* [Problem to work on]: Leaving out pictures, output exactly the lines below from the one that has "Pulsera conectora balines" through the one that has "New 2025 Ford", and nothing else.

* [Extracted records]:

....

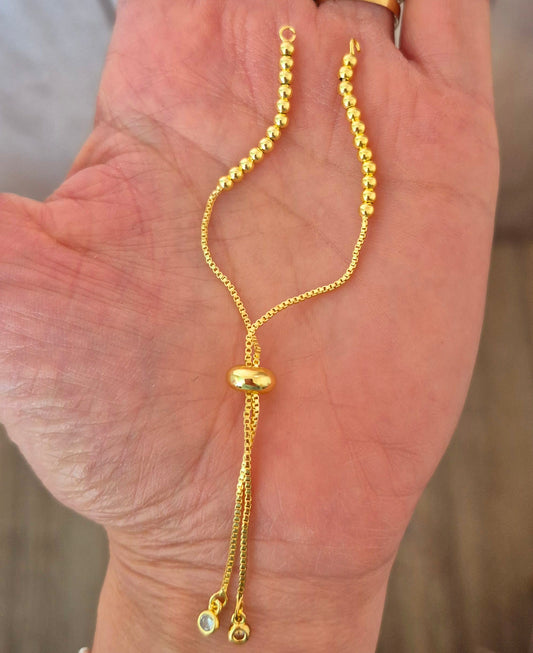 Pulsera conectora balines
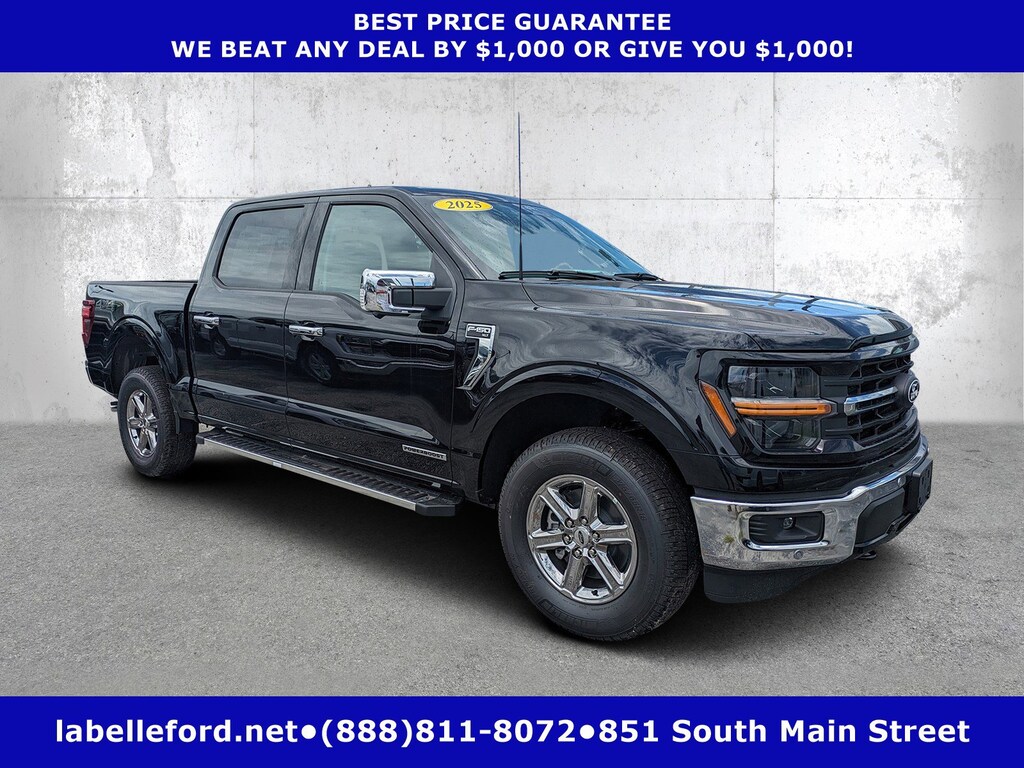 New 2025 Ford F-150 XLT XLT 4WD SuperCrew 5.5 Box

....

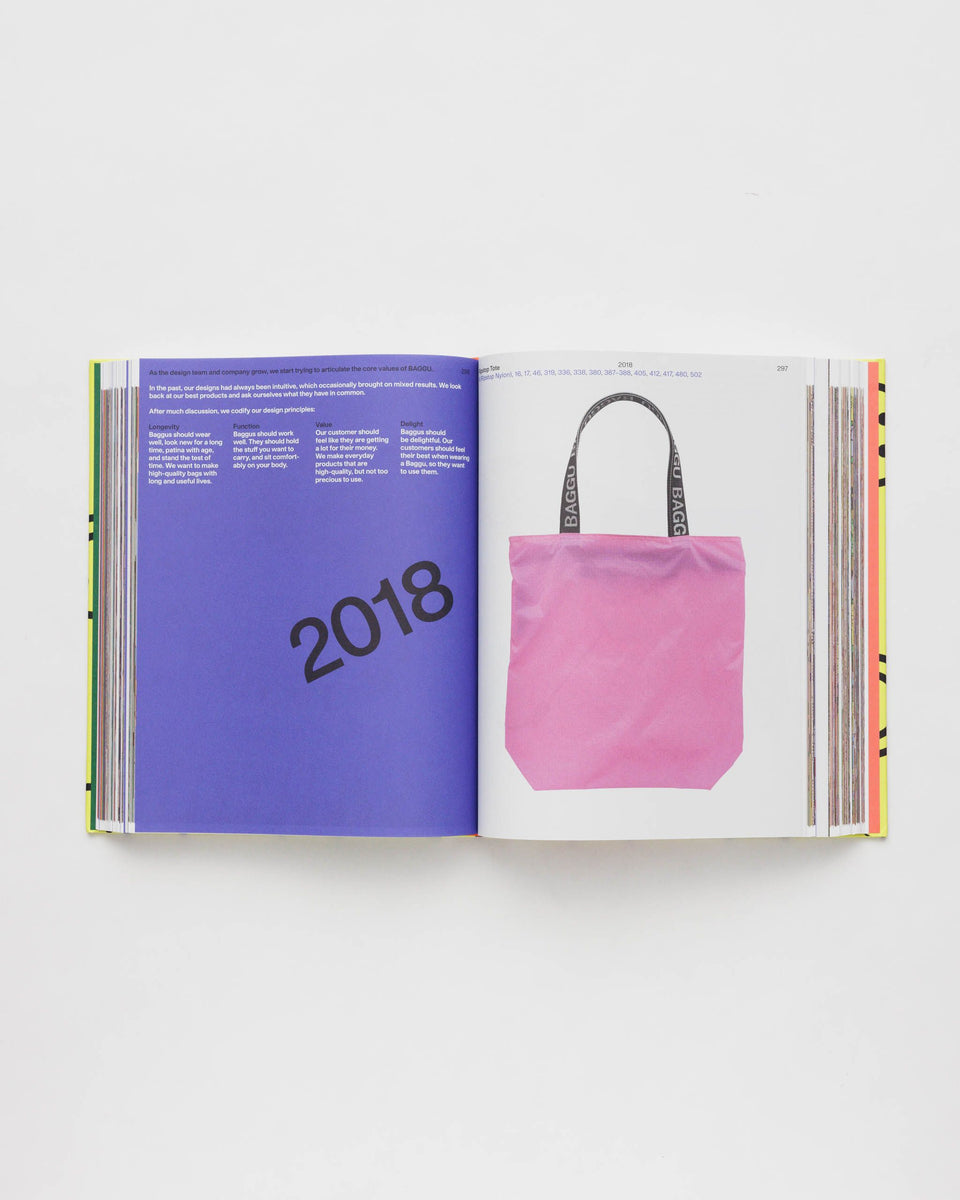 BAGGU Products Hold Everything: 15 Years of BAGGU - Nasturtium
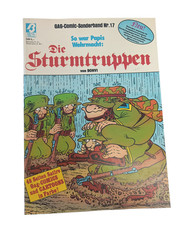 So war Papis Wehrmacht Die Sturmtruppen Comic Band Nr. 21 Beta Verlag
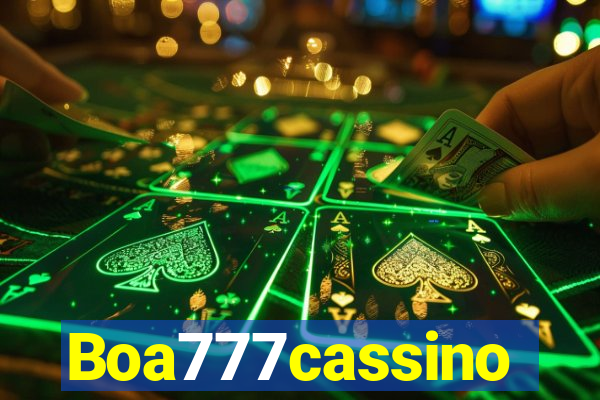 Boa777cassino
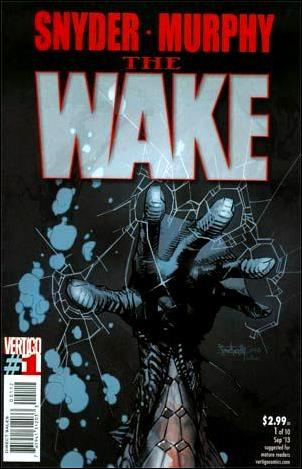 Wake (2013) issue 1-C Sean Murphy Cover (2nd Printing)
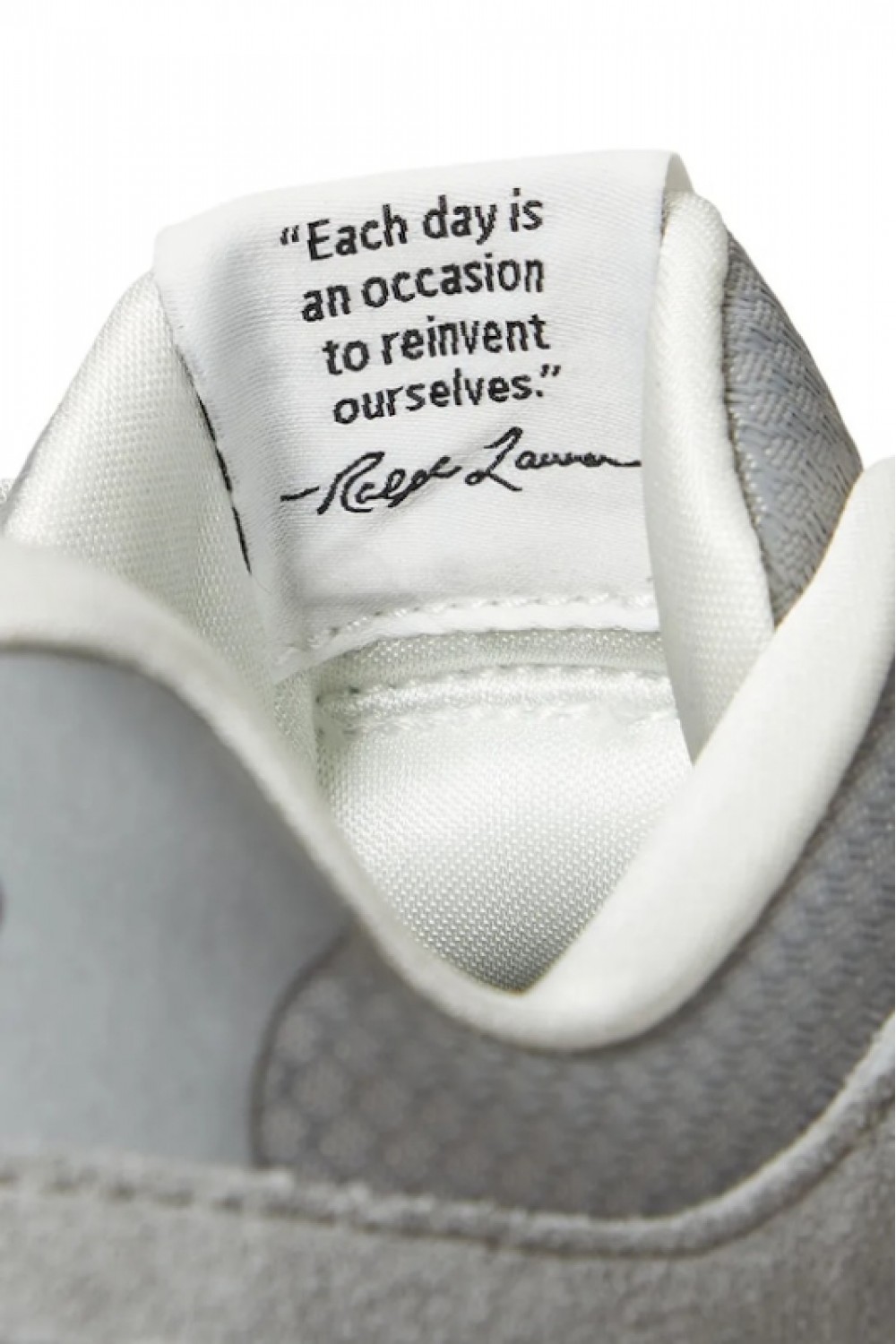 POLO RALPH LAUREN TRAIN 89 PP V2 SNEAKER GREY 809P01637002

....

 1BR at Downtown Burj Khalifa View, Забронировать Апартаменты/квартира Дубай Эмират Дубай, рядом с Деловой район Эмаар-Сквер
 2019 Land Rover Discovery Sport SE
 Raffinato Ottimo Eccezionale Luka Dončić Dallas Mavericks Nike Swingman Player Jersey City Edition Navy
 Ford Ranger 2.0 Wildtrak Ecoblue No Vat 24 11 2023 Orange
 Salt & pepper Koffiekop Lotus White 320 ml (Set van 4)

....

* [Finished task]:
 Pulsera conectora balines
 New 2025 Ford F-150 XLT XLT 4WD SuperCrew 5.5 Box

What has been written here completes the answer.